Unit 1: Introduction, Logics, Proof Engines, Core Techniques (Weeks 1- 4)
What is program verification? What is program synthesis? Why should we care about automated reasoning about programs? Overview of reasoning techniques, success stories.
Review of propositional logic. A treatment of first-order logic and first-order theories.
A brief look at satisfiability solvers and satisfiability modulo theory solvers. Decision procedure for a core theory.
Introduction to program verification and correct specifications via Hoare logic. Preconditions, postconditions, Hoare triples, weakest preconditions, strongest postconditions, invariants, verification conditions, method of inductive assertions.

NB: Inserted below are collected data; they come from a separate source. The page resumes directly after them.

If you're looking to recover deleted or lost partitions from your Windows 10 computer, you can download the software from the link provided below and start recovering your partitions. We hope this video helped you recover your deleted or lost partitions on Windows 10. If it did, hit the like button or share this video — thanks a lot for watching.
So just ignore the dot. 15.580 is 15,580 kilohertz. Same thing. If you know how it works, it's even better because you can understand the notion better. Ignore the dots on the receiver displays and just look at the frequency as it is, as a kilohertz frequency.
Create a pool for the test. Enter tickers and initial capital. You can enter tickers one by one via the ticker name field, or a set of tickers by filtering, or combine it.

Unit 2: Sequential Programs: Verification and Analysis (Weeks 4-6)
In-depth look at automated invariant generation via abstract interpretation, fixed-point computation for overapproximation of reachable states
Abstraction-refinement for improving precision of abstraction, predicate abstraction
Bounded model checking.
Unit 3: Concurrent Programs: Verification and Analysis (Weeks 6-7)
Overview of the challenges of dealing with concurrency. Common concurrency bugs and synchronization primitives. Overview of different verification and analysis techniques for concurrent programs.

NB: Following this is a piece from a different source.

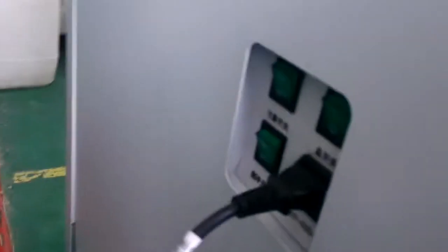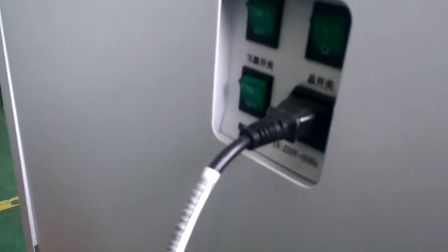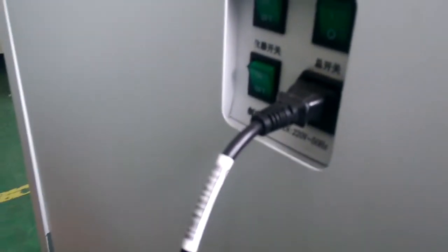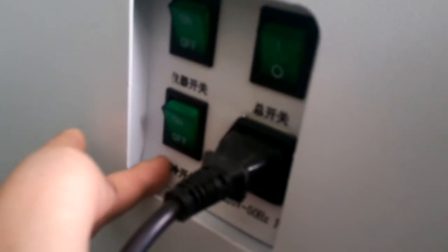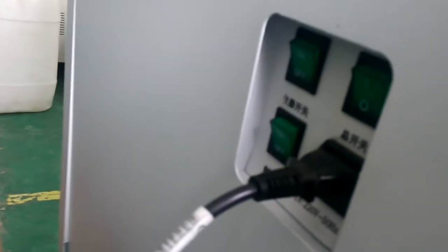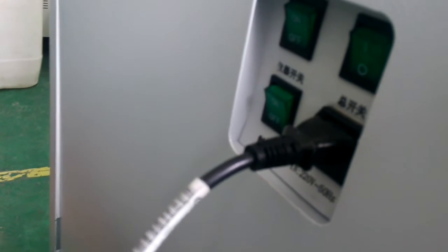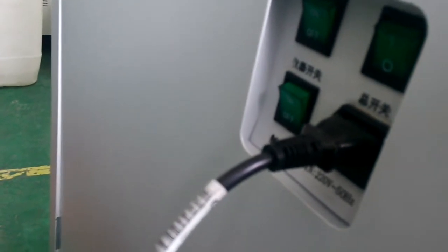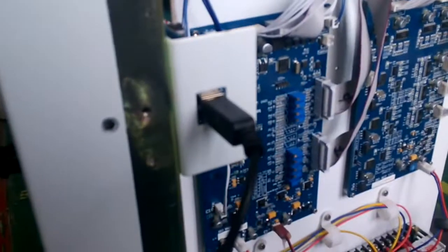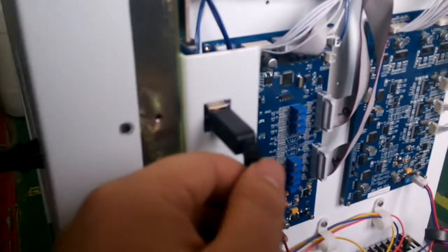We found this is a power switch. This is the main power. This is for the instrument. And this is for the refrigeration. And this is a power supply. The machine we sent to you is 110 volt. This is USB information transfer, connect to the computer.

In-depth treatment of the Owicki-Gries proof-based technique for verification of concurrent programs.
In-depth treatment of symbolic predictive analysis for concurrent programs.

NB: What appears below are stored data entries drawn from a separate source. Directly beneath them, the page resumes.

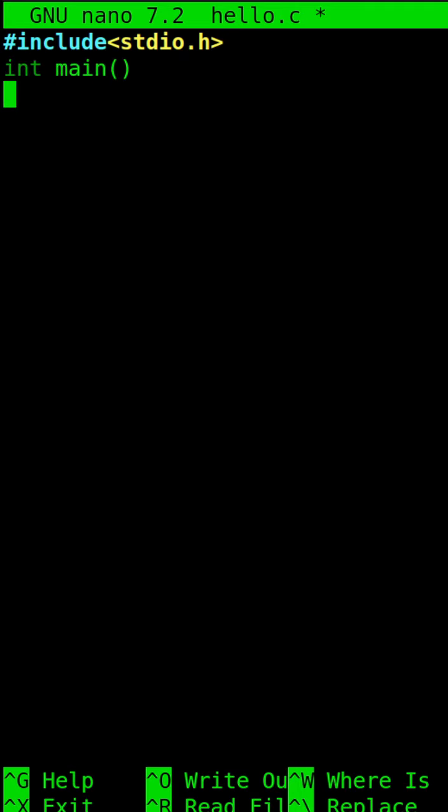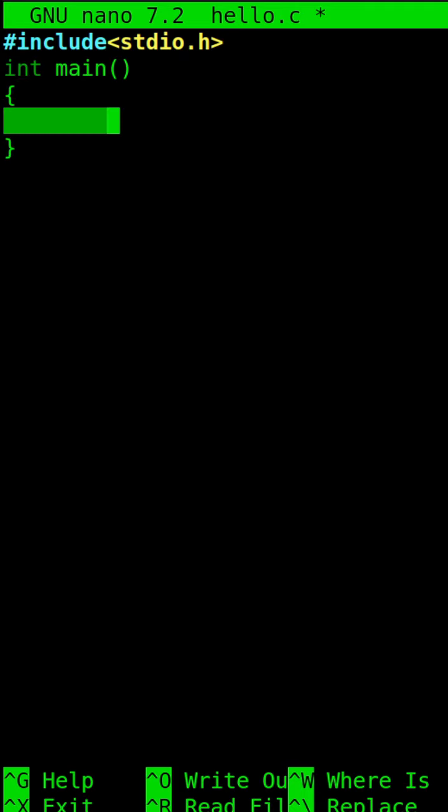Next we will be typing int main and inside that we will be using the printf function to print hello world. The int main is the main function where the program starts running.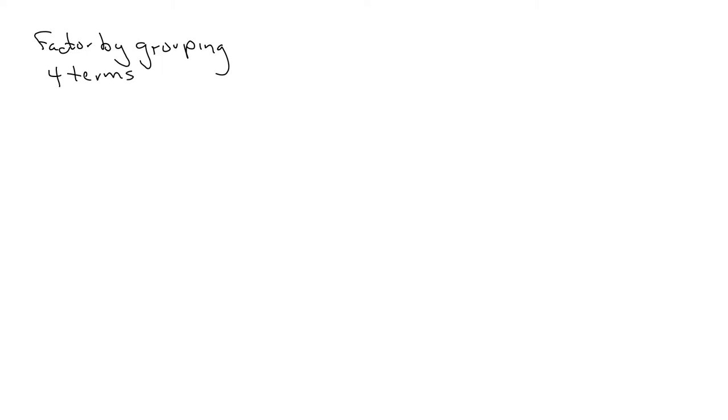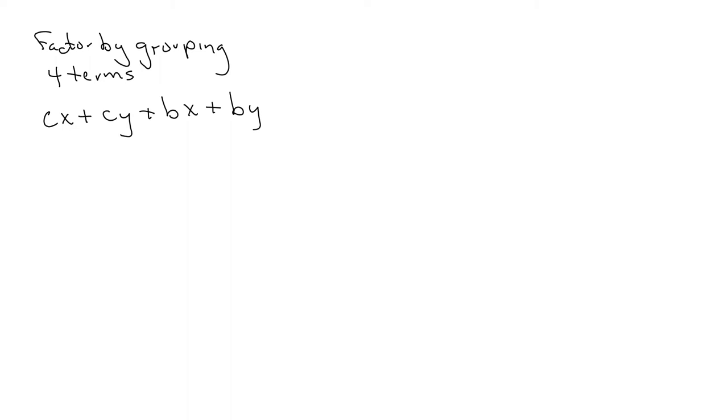So a basic example, something like this: Cx plus Cy plus Bx plus By. So we have our four terms, there's no common factor for all four. So we're going to factor by grouping, which means that we group the first two terms, group the second two terms. And I always take this sign in that second group, and I'll show you why in a second.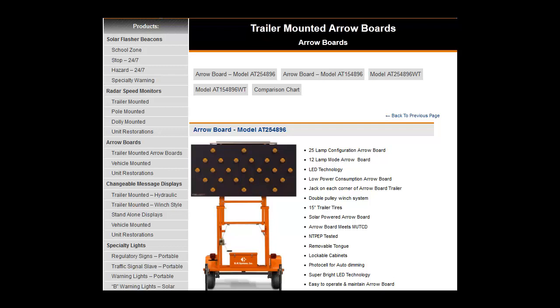In this video, I'm going to compare our trailer-mounted aero boards, why they are used, and how to determine which system is right for you. Aero boards are used in a variety of settings, but mainly in construction zones.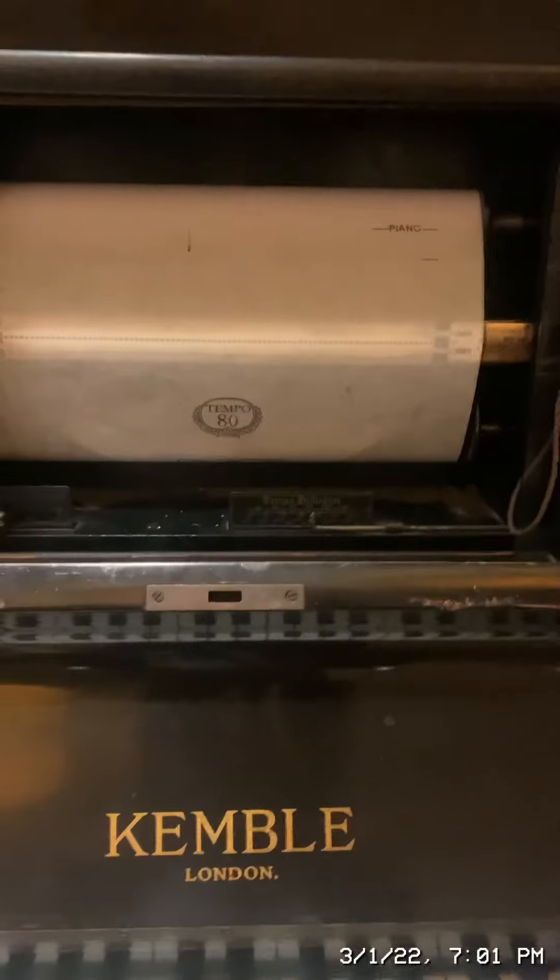Okay, today I'm going to be playing a song on my player piano called The Rainbow Connection. I will be singing along as well. Okay, here we go.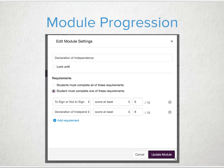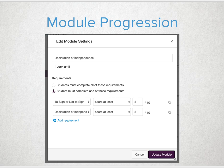In module progression, you can set up optional requirements for students by selecting the 'must complete one of these items' option. A student could opt in to a specific assignment they would like to complete. This is a great start for personalized learning in the blended classroom, allowing students to focus on assessments and topics that they are interested in.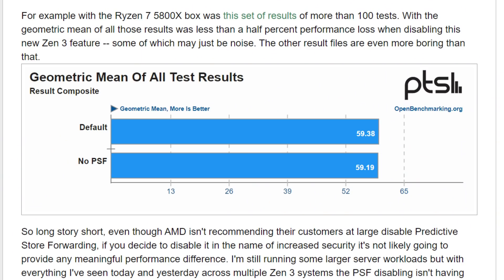Phoronix has already done some testing with this feature enabled and disabled, and they're seeing only a 0.4–0.5% performance difference between the two — negligible at best. This fix is mainly relevant for confidential computing, cloud service providers, and hyperscalers. Common users don't need to worry, but if you are a sysadmin for a larger or even smaller cloud company, this might be worth looking into.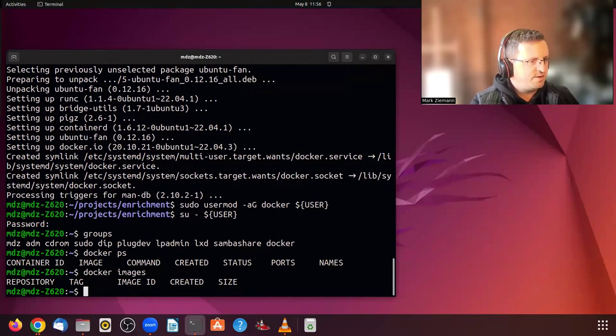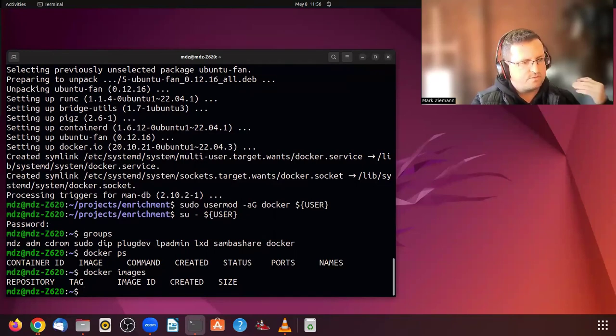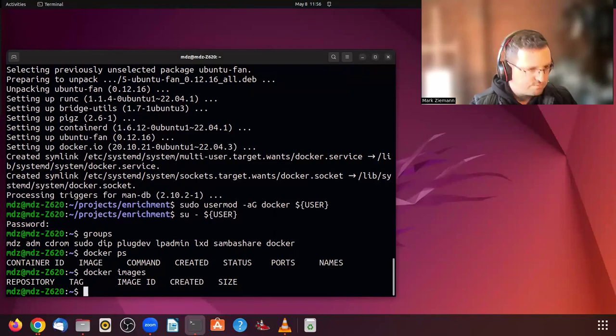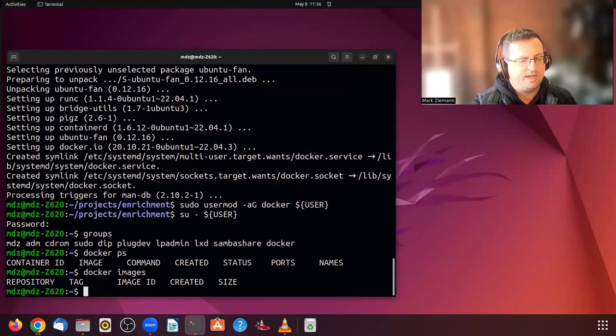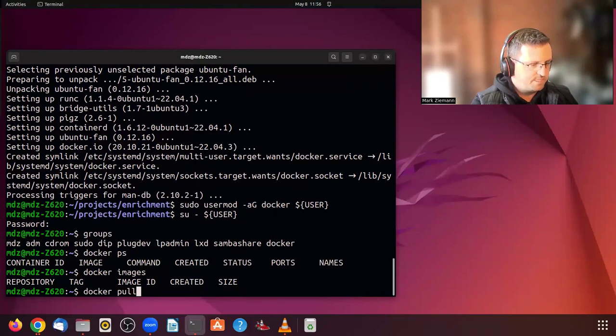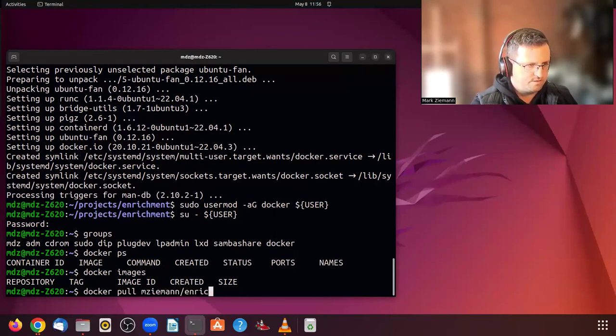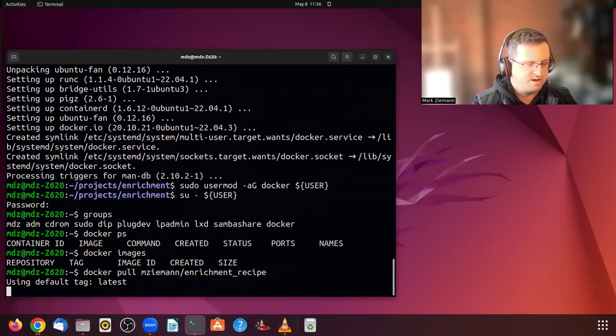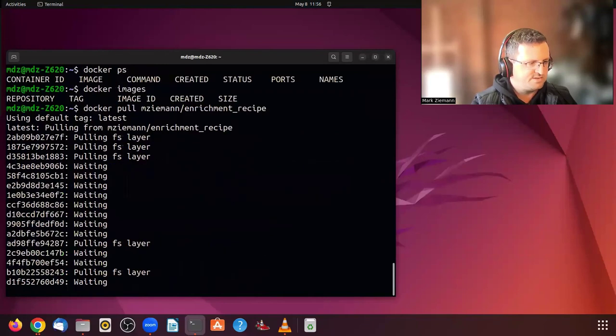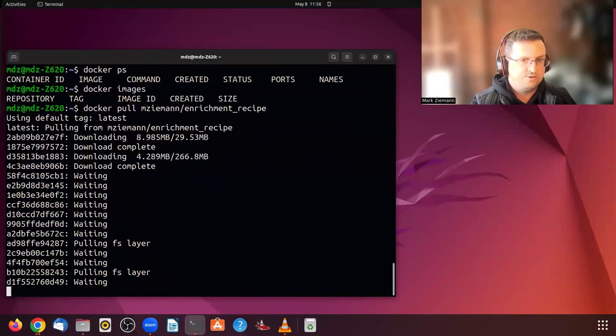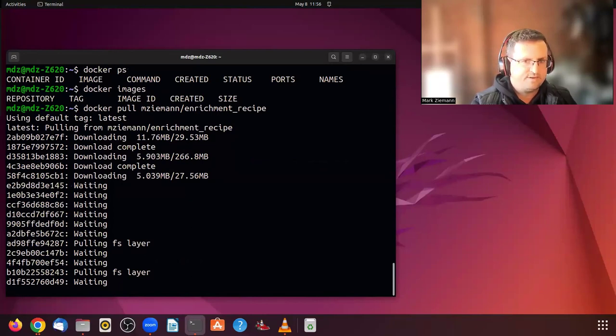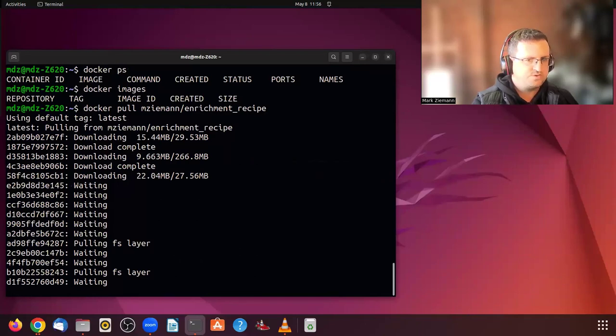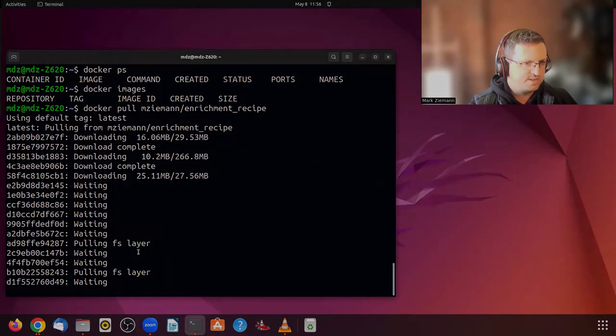What we'll do now is to pull the example enrichment workflow and run that. So let's give it a try. So docker for mzman enrichment recipe. So this is an image that I prepared previously. It is working. It might take a couple of minutes to download all of that because it is a relatively heavy image with some data attached to it. So I might fast forward that now.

Unit 4: Program Synthesis (Weeks 8-14)
Introduction to program synthesis and overview of techniques.
Inductive synthesis, programming by example, Enumerative search. Search based on version-space algebras. Constraint–based search. Counterexample-guided inductive synthesis (CEGIS).
Functional synthesis using CEGIS. Functional synthesis using method of inductive assertions.
Machine learning based synthesis approaches.
Synthesis for concurrency.
Introduction to automated program repair. Program repair based on program distances.